Imparando ad ascoltare il proprio dolore, gelosamente richiuso in qualche oscuro meandro del nostro sé acustico.
Saper essere presuppone un lungo percorso di introspezione volto alla conoscenza e alla consapevolezza di sé.
L’introspezione, la meditazione, sono strade lunghe e difficili da percorrere ma, per un musicoterapeuta, sono imprescindibili.
Coltivare, giorno per giorno, l’arte del dubbio e della riflessione dona, a chi la compie, una diversa consapevolezza perché ben presto, grazie all’introspezione, siamo in grado di smascherare le facili e sterili razionalizzazioni che la mente ci regala.
Così, per prima cosa, scopriamo che la mente è ingannevole per definizione tautologia perché la mente… mente, appunto!
Con la ragione, “a parole”, affermiamo di essere in grado di stare di fronte al dolore, alla morte, ad un’aggressione, a un delirio ma quando viviamo la situazione, se non abbiamo compiuto un lungo, costante lavoro su noi stessi, se non abbiamo praticato la strada dell’introspezione, i nostri saperi, velocemente acquisiti, svaniscono in un lampo come cenere al vento e rimaniamo impotenti di fronte ai dolorosi eventi che viviamo: li subiamo.
In modo analogo, “i nostri saper fare” vanno commisurati con la realtà che abitiamo quotidianamente.
Fintanto che le situazioni sono prevedibili e, tutto sommato, note, non abbiamo problemi: ciò che abbiamo appreso da qualche libro o da qualche formatore funziona egregiamente ma, appena la situazione muta, anche di poco, ecco che i nostri fragili “saper fare” svaniscono per cui rimaniamo nuovamente spiazzati.
Sfortunatamente, le situazioni musicoterapiche che viviamo non sono evidenti, chiare, lapalissiane, ripetitive, semplici ma presentano moltissime zone d’ombra.
Di norma, affrontiamo situazioni musicoterapiche in cui il nostro saper essere e il nostro saper esser-ci è messo a dura prova.

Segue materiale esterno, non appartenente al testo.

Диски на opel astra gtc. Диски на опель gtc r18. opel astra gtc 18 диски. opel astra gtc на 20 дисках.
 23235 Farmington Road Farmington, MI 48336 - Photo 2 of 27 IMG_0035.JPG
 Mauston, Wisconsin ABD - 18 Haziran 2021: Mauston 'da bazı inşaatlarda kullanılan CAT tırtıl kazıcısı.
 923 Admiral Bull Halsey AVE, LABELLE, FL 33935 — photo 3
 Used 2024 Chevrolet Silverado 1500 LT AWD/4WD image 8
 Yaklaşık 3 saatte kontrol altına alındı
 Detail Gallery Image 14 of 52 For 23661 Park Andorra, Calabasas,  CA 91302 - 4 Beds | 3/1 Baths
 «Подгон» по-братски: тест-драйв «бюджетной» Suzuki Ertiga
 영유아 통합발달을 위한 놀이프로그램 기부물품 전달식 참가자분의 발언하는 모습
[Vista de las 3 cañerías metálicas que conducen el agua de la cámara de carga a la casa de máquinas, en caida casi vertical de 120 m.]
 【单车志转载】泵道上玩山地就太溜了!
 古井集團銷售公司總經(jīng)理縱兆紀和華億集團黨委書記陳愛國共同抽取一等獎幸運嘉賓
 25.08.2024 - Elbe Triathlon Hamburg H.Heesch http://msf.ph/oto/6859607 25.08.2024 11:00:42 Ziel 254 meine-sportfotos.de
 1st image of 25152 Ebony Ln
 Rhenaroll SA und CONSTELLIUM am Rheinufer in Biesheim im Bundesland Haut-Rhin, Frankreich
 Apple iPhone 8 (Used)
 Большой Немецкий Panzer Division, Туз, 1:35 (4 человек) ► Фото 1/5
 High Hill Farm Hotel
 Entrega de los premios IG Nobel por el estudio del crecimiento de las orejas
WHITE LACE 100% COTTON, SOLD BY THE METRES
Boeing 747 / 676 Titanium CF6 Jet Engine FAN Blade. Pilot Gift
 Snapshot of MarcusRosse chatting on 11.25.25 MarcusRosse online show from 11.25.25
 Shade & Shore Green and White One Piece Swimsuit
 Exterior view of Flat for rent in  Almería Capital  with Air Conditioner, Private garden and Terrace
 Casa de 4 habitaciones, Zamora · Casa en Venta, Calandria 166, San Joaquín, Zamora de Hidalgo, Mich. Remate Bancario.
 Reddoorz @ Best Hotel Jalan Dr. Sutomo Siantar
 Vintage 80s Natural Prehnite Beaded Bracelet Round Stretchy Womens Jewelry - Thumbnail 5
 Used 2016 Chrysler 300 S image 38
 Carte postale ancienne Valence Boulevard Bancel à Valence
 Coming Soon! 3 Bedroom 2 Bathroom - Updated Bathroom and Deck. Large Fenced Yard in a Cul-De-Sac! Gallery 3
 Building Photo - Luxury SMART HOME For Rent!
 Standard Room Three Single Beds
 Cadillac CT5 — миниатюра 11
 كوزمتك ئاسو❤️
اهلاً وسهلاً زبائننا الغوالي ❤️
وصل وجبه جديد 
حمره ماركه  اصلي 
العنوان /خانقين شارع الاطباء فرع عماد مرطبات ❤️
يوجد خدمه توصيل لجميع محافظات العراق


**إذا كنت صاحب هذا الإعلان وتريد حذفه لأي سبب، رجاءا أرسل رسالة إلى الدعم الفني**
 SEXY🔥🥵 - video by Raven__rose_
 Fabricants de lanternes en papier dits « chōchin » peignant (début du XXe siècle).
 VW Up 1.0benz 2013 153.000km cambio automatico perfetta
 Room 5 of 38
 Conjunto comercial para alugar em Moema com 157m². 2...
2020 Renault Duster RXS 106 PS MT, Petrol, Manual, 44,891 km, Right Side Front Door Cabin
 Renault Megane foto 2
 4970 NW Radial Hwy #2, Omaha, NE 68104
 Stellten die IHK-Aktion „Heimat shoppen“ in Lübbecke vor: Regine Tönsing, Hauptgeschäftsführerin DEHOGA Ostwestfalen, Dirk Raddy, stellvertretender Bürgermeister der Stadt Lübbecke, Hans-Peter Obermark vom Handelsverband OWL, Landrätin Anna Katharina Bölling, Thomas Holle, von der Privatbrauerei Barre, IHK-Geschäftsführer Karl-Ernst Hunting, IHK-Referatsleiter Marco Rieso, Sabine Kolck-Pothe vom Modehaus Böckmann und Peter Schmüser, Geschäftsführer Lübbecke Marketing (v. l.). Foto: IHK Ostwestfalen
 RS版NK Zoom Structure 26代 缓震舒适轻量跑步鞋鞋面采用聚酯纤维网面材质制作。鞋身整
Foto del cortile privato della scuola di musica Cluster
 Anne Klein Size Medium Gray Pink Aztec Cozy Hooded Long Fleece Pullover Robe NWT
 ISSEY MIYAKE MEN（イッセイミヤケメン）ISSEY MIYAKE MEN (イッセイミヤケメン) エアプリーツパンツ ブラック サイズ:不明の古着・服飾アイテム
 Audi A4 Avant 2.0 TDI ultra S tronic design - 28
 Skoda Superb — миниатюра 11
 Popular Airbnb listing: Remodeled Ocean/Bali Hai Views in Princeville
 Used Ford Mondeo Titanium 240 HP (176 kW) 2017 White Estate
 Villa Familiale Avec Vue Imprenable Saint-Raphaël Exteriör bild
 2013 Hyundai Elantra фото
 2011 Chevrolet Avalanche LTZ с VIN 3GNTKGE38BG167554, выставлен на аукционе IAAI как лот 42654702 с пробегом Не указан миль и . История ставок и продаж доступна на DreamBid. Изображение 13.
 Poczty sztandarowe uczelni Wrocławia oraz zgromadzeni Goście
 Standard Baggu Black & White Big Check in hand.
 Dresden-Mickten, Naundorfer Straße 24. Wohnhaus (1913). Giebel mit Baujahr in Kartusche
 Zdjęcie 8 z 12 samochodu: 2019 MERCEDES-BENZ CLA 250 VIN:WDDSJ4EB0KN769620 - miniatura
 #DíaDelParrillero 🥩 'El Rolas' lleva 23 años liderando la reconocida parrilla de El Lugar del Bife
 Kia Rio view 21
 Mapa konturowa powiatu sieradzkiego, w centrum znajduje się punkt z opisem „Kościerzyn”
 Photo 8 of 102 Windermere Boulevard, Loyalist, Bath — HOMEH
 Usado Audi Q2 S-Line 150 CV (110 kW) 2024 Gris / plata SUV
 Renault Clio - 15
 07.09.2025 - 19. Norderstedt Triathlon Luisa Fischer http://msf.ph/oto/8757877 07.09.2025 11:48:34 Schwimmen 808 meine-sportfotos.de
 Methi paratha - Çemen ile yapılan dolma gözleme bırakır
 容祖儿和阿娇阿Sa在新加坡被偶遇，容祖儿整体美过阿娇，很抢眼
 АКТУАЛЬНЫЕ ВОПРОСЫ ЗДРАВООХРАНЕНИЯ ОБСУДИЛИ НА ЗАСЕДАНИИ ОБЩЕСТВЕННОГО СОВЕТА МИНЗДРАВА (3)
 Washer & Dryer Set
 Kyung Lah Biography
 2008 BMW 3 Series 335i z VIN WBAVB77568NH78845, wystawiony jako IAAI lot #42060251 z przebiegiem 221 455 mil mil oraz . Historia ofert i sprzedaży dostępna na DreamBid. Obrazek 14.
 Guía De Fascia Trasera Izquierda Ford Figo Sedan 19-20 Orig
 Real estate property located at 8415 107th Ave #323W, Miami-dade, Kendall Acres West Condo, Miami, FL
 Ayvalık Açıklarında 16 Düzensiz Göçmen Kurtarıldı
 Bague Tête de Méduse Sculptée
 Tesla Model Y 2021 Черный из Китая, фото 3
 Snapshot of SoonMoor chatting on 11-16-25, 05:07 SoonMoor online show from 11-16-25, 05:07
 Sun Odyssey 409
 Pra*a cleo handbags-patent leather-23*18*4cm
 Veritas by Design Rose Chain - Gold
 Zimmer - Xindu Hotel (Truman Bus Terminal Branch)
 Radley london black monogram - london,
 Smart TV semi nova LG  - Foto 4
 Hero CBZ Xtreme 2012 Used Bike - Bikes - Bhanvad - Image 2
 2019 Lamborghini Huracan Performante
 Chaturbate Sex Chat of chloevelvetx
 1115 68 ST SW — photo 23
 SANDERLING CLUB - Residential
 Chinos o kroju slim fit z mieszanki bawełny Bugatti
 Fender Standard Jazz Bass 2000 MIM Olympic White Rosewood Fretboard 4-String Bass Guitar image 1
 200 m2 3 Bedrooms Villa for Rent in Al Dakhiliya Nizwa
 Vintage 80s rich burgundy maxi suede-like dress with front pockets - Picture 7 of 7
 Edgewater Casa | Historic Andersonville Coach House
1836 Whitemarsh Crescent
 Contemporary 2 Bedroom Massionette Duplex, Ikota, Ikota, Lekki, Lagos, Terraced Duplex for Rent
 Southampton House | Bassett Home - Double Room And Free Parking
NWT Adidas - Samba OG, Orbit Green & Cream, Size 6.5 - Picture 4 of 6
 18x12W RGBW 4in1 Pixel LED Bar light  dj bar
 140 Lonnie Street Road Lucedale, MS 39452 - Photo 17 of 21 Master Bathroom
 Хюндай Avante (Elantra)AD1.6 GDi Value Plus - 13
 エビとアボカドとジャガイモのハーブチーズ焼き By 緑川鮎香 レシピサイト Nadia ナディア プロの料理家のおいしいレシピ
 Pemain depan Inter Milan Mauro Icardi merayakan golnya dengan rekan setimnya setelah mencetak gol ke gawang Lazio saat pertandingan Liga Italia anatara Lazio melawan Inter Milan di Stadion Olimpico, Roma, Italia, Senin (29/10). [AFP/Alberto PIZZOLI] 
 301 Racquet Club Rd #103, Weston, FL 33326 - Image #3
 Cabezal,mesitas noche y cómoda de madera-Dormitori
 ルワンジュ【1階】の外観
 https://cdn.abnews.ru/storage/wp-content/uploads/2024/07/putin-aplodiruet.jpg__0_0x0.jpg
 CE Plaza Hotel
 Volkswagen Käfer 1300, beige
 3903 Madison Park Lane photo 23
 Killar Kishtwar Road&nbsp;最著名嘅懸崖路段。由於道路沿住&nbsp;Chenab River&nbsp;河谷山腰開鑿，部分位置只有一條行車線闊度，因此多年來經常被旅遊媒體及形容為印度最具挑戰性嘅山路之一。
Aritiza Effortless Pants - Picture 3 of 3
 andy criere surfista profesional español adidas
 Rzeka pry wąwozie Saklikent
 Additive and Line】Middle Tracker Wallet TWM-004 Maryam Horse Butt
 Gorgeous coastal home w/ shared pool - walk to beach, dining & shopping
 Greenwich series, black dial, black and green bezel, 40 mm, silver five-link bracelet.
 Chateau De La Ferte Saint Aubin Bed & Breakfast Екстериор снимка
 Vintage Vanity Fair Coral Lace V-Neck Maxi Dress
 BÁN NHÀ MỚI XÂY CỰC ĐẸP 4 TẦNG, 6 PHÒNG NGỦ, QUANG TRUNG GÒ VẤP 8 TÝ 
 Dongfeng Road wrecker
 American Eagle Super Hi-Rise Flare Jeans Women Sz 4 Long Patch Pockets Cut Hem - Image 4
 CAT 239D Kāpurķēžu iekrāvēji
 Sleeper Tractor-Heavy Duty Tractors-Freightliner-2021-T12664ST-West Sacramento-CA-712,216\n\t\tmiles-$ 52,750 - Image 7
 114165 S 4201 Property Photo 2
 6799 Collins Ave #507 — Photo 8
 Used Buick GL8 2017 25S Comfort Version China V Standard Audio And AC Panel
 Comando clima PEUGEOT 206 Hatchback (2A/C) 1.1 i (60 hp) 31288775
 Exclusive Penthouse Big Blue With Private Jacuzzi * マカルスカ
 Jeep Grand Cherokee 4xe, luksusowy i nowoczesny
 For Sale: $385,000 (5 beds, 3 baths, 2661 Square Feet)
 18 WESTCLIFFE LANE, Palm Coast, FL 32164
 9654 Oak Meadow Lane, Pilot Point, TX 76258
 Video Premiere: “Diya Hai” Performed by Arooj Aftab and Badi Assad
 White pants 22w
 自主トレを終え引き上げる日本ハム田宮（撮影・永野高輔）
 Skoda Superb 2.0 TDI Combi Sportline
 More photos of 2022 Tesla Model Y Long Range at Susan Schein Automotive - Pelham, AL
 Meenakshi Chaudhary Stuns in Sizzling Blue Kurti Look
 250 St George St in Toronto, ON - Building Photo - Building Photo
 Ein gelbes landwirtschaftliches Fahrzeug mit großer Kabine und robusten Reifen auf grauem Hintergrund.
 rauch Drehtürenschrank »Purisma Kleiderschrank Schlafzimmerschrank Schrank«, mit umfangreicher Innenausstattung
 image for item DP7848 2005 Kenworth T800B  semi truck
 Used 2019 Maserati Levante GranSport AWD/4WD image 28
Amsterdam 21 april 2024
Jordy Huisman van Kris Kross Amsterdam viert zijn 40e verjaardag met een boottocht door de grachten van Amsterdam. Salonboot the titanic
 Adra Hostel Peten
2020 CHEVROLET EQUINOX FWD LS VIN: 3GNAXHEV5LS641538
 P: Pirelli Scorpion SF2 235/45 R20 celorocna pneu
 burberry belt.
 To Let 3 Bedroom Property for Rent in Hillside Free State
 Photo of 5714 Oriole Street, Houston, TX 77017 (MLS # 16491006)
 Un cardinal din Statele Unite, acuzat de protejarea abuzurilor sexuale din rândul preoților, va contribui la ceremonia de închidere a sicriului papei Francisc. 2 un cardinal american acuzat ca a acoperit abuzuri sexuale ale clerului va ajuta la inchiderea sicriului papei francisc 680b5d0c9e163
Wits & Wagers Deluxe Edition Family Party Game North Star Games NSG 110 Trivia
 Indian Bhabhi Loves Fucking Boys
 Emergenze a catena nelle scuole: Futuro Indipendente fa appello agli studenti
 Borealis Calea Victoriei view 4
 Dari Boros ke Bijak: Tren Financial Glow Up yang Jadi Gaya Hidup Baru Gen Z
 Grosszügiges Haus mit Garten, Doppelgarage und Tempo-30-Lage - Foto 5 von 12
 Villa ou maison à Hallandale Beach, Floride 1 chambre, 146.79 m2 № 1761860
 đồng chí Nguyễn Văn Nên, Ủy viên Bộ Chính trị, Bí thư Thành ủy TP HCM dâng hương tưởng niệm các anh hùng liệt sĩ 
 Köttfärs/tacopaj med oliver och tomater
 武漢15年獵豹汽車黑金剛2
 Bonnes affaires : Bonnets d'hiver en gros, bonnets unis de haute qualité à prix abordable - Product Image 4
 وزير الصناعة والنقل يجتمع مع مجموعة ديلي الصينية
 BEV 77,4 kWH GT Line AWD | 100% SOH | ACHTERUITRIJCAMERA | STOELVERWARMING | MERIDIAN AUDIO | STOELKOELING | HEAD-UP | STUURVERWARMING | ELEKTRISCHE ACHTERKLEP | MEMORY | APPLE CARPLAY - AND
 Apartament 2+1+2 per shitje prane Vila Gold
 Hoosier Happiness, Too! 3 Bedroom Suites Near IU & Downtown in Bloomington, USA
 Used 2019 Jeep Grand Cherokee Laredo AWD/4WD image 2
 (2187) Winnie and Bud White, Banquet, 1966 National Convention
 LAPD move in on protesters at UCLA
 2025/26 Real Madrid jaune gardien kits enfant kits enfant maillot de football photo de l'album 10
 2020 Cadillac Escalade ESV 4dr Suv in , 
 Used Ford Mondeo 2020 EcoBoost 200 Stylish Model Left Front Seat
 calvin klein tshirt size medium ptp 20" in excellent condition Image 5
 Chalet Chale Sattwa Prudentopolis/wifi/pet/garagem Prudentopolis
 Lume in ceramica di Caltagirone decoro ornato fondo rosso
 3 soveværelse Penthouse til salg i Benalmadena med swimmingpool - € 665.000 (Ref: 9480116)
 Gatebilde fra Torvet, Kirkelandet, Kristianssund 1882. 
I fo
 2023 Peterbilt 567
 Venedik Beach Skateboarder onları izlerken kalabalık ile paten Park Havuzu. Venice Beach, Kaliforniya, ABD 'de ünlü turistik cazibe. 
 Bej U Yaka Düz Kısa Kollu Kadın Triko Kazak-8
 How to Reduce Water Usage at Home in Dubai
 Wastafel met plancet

Se ciò non fosse, allora utilizzeremmo quelle conoscenze e quei saper fare noti, collaudati, super efficaci e perfetti.
Di fatto, in musicoterapia, le soluzioni non sono mai semplici perché abbiamo a che fare con persone e per interagire con loro dobbiamo, necessariamente, integrare, armonicamente, i tre saperi in uno solo, creando l’esser-ci per davvero.
L’uno senza gli altri, in musicoterapia, servono a ben poco perché ci consentono solo di apparire.
Se però integriamo armonicamente i tre i saperi ecco che ci orientiamo verso la cura della persona; verso l’ascolto di sé per poter ascoltare, ossia accogliere, l’altro da sé.
Allora sì che siamo sulla buona strada.